> [WHAT TO WORK ON] While you copy the lines below, skip the pictures and keep the rest exact.

> [DATA]
┄┄┄┄┄┄

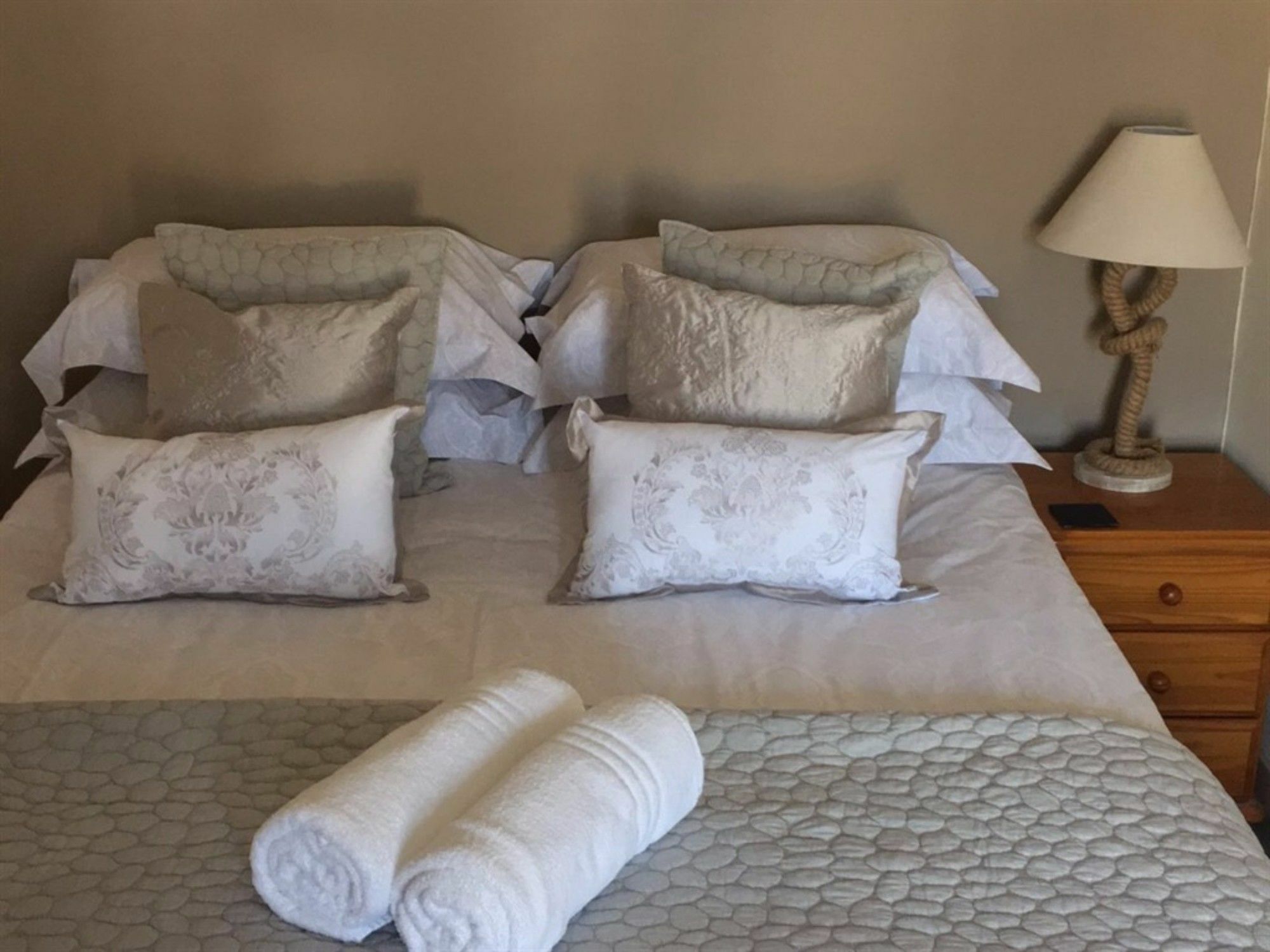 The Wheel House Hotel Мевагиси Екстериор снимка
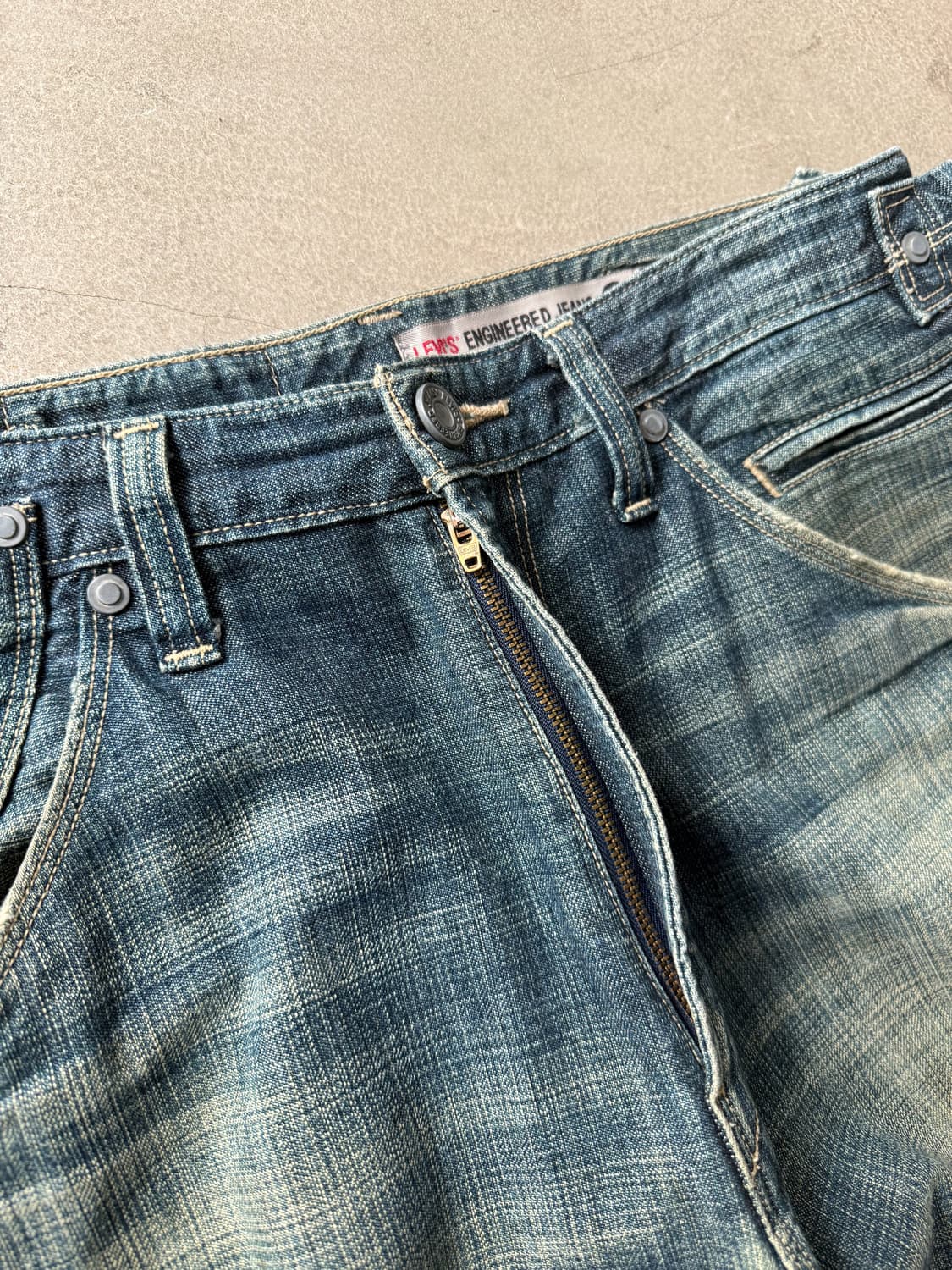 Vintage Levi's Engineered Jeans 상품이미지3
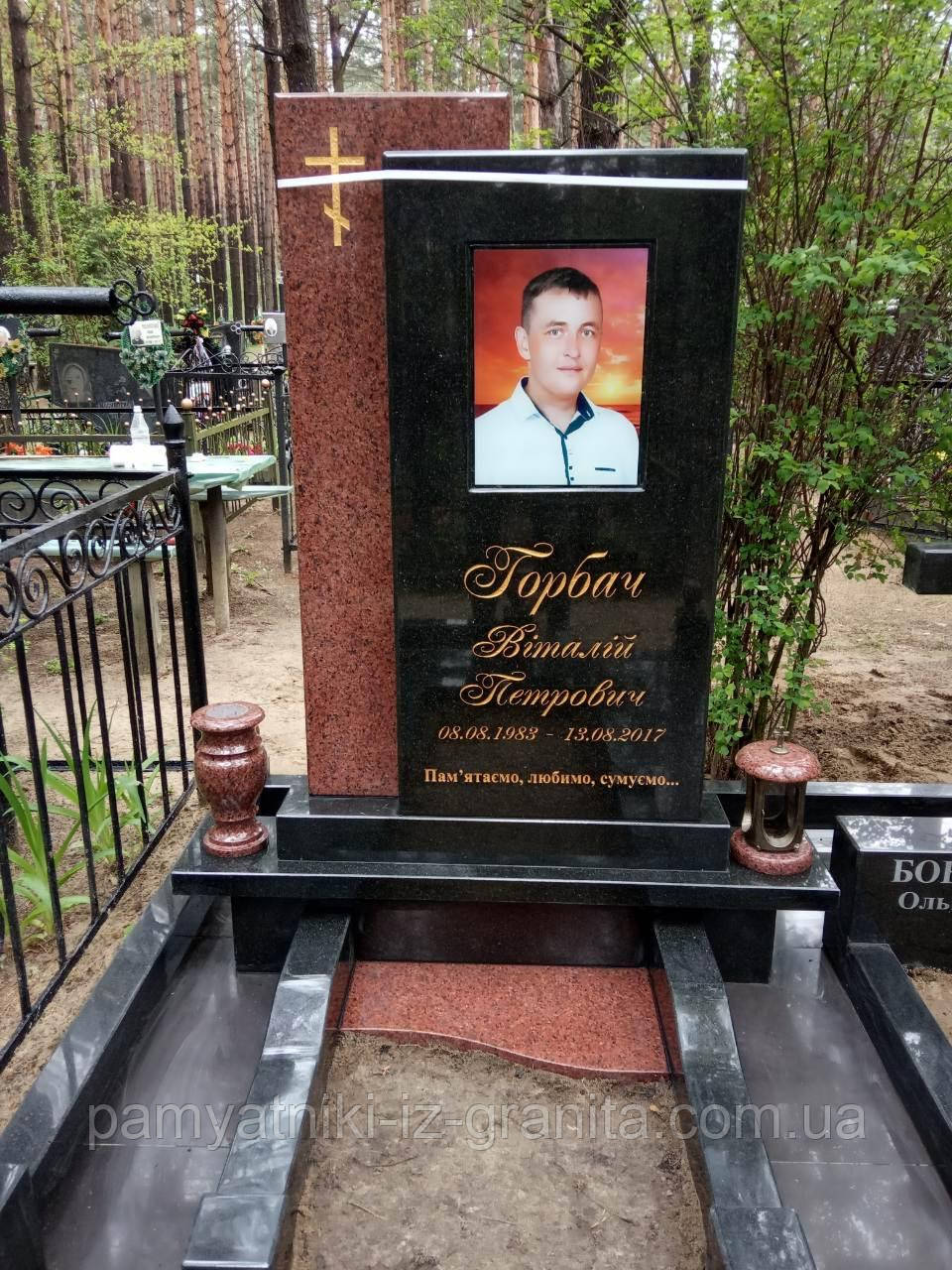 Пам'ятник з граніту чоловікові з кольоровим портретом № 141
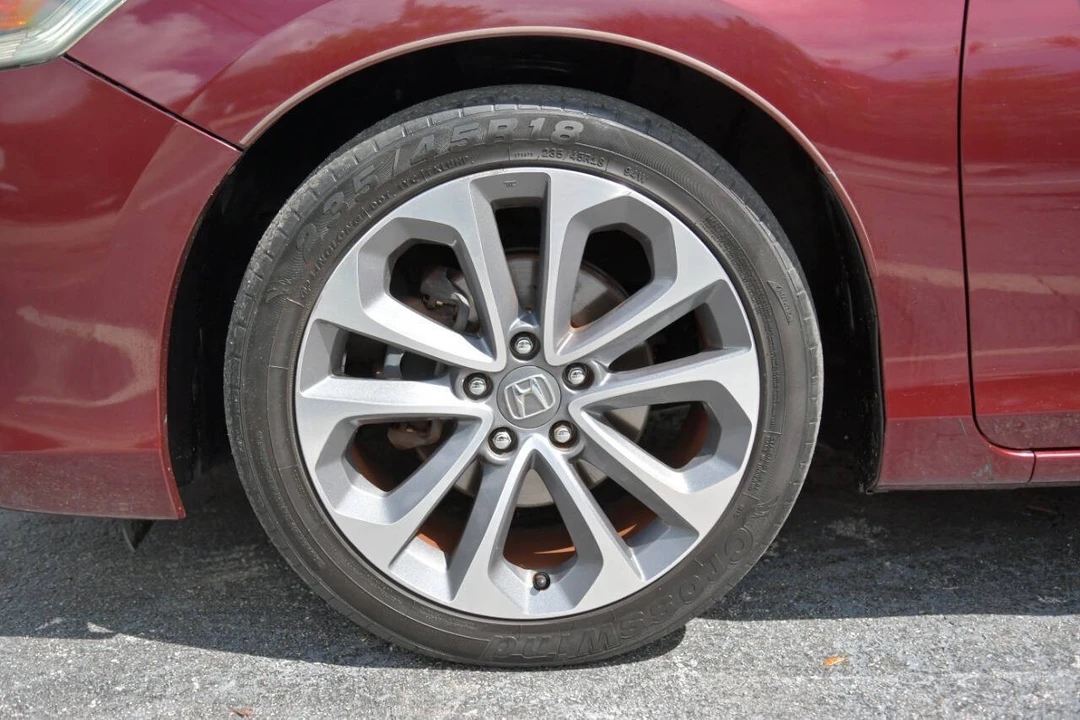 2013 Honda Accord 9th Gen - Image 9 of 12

┄┄┄┄┄┄

> [RESULT OF THIS TASK]
 The Wheel House Hotel Мевагиси Екстериор снимка
 Vintage Levi's Engineered Jeans 상품이미지3
 Пам'ятник з граніту чоловікові з кольоровим портретом № 141
 2013 Honda Accord 9th Gen - Image 9 of 12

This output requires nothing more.